◆ **THE TASK**
Leave out every picture, and return exactly the lines from the line containing "Used 2021 Mitsubishi" through the end of the records below, both inclusive.

◆ **EXTRACTED ENTRIES**

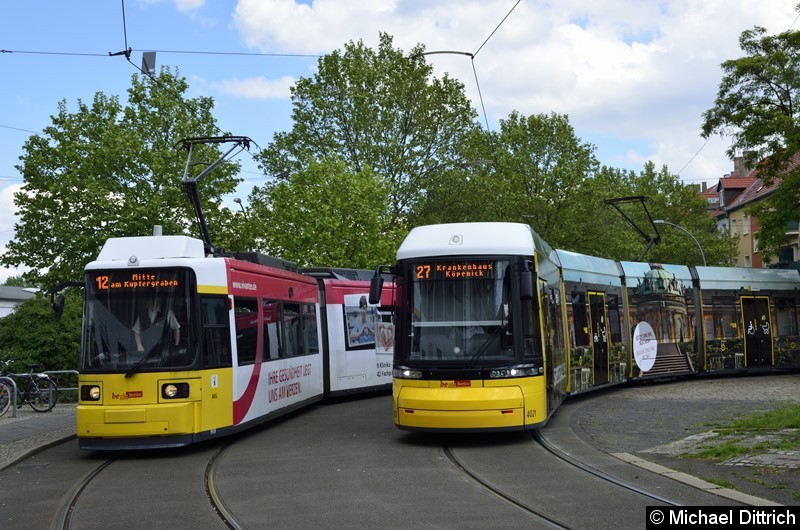 Bild: GT6U 1513 (links als Linie 12) und F6Z 4021 (rechts als Linie 27) in der Wendeschleife Pasedagplatz.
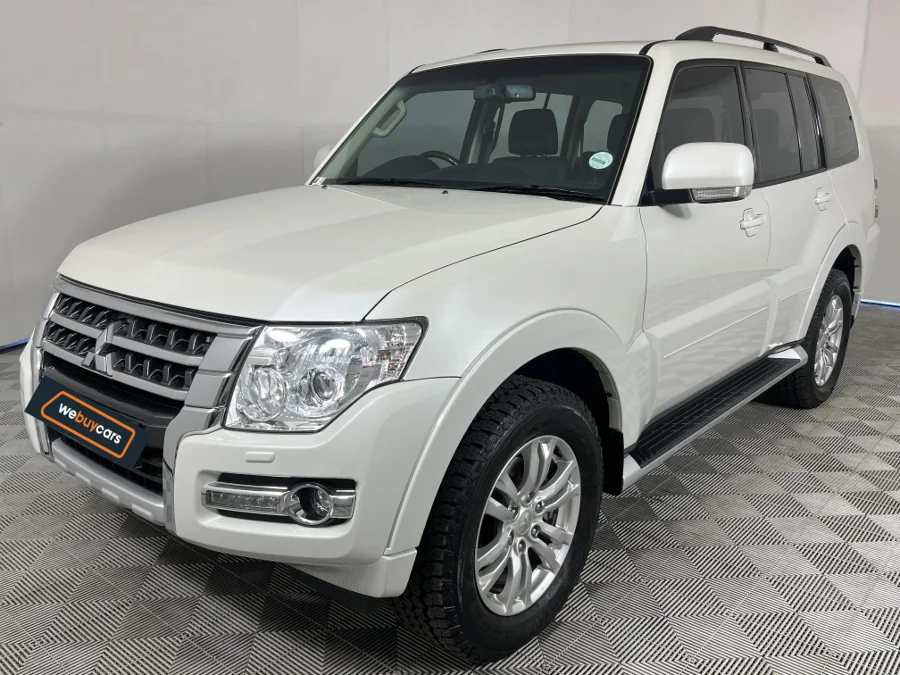 Used 2021 Mitsubishi Pajero 5-door 3.2DI-D GLS Exceed Pajero Legend Limited Edition 100 - WeBuyCars George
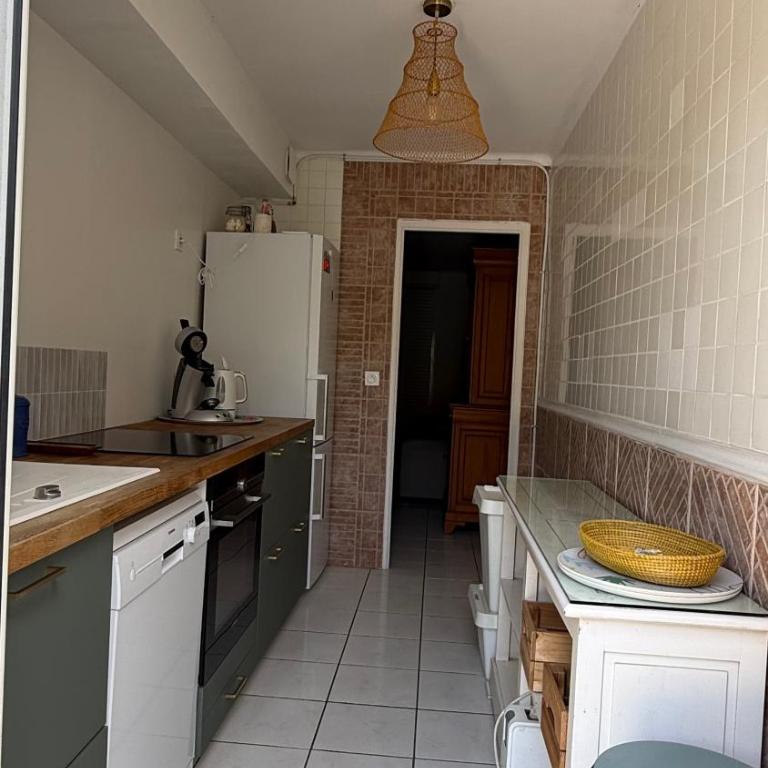 La maison bleue climatisée 6 personnes - Appartement 3 Chambres - 85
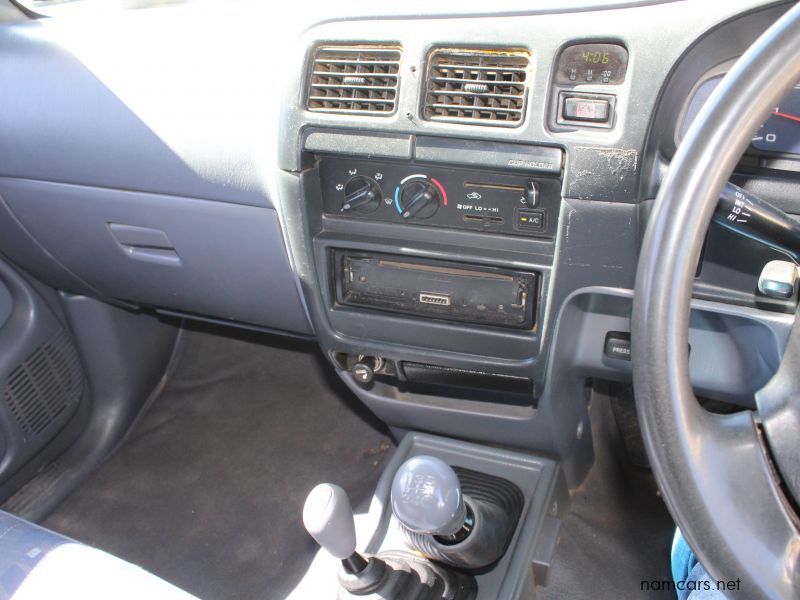 1994 Toyota Hilux 2.4 Diesel 4x4 S Cab photo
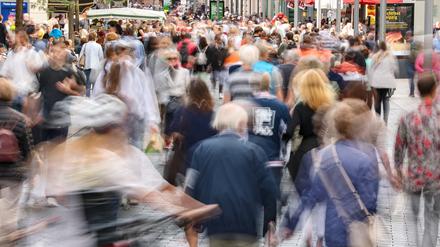 Zahlreiche Passanten gehen durch die Grimmaische Straße in der Leipziger Innenstadt.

◆ **TASK OUTPUT**
 Used 2021 Mitsubishi Pajero 5-door 3.2DI-D GLS Exceed Pajero Legend Limited Edition 100 - WeBuyCars George
 La maison bleue climatisée 6 personnes - Appartement 3 Chambres - 85
 1994 Toyota Hilux 2.4 Diesel 4x4 S Cab photo
 Zahlreiche Passanten gehen durch die Grimmaische Straße in der Leipziger Innenstadt.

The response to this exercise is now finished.